EXERCISE: Reproduce the records below in full and exactly, without their images.

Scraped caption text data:
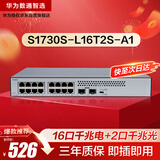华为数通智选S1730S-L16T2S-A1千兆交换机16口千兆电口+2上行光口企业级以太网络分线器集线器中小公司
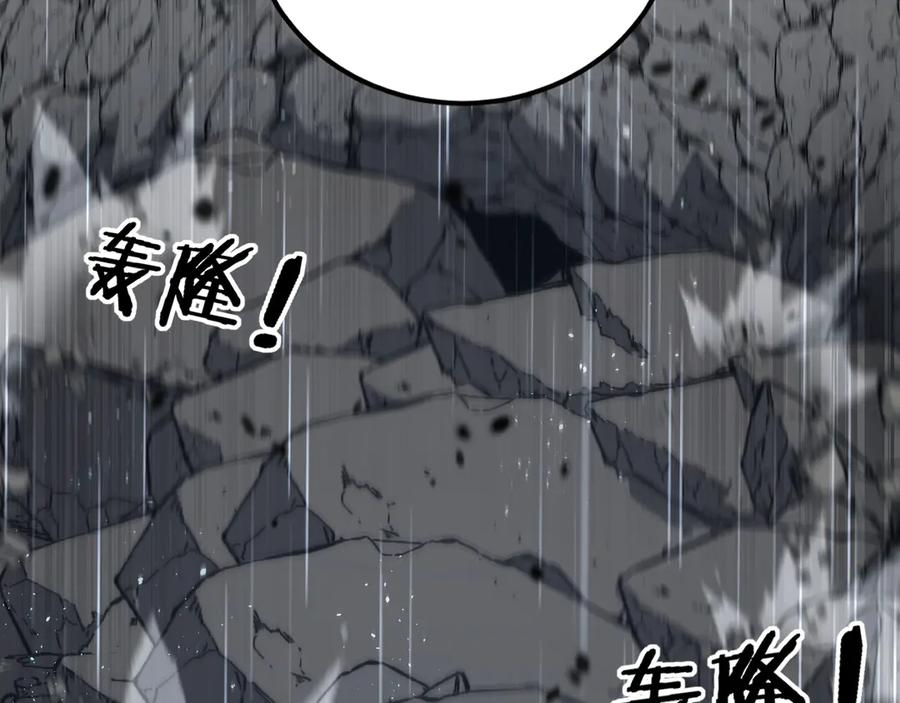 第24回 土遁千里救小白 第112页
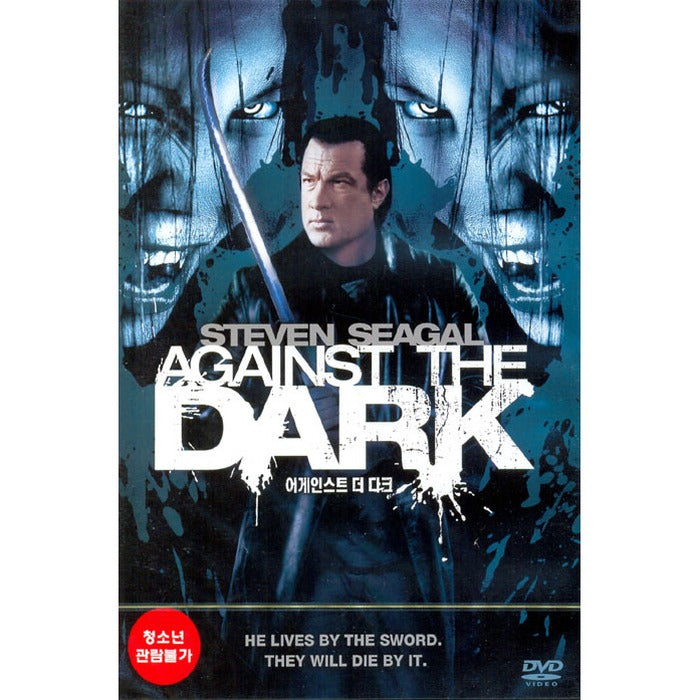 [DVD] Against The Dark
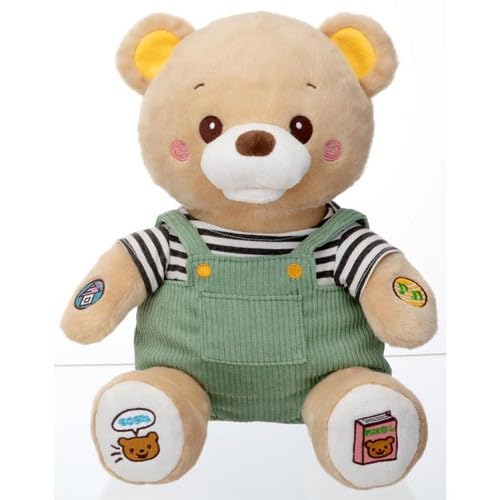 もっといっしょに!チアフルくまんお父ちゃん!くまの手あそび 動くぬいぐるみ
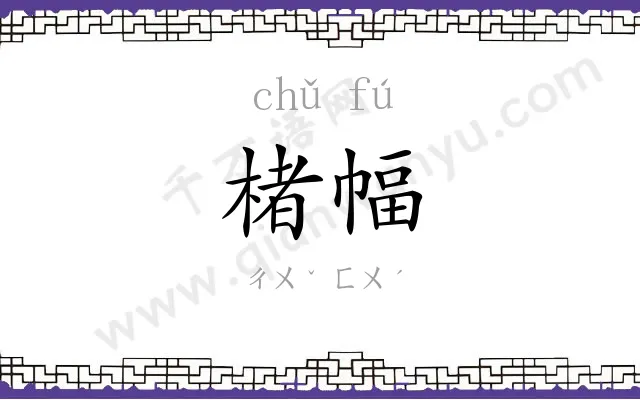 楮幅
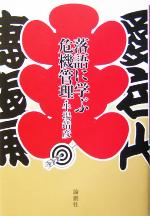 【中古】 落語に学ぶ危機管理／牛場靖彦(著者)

ANSWER AREA:
华为数通智选S1730S-L16T2S-A1千兆交换机16口千兆电口+2上行光口企业级以太网络分线器集线器中小公司
 第24回 土遁千里救小白 第112页
 [DVD] Against The Dark
 もっといっしょに!チアフルくまんお父ちゃん!くまの手あそび 動くぬいぐるみ
 楮幅
 【中古】 落語に学ぶ危機管理／牛場靖彦(著者)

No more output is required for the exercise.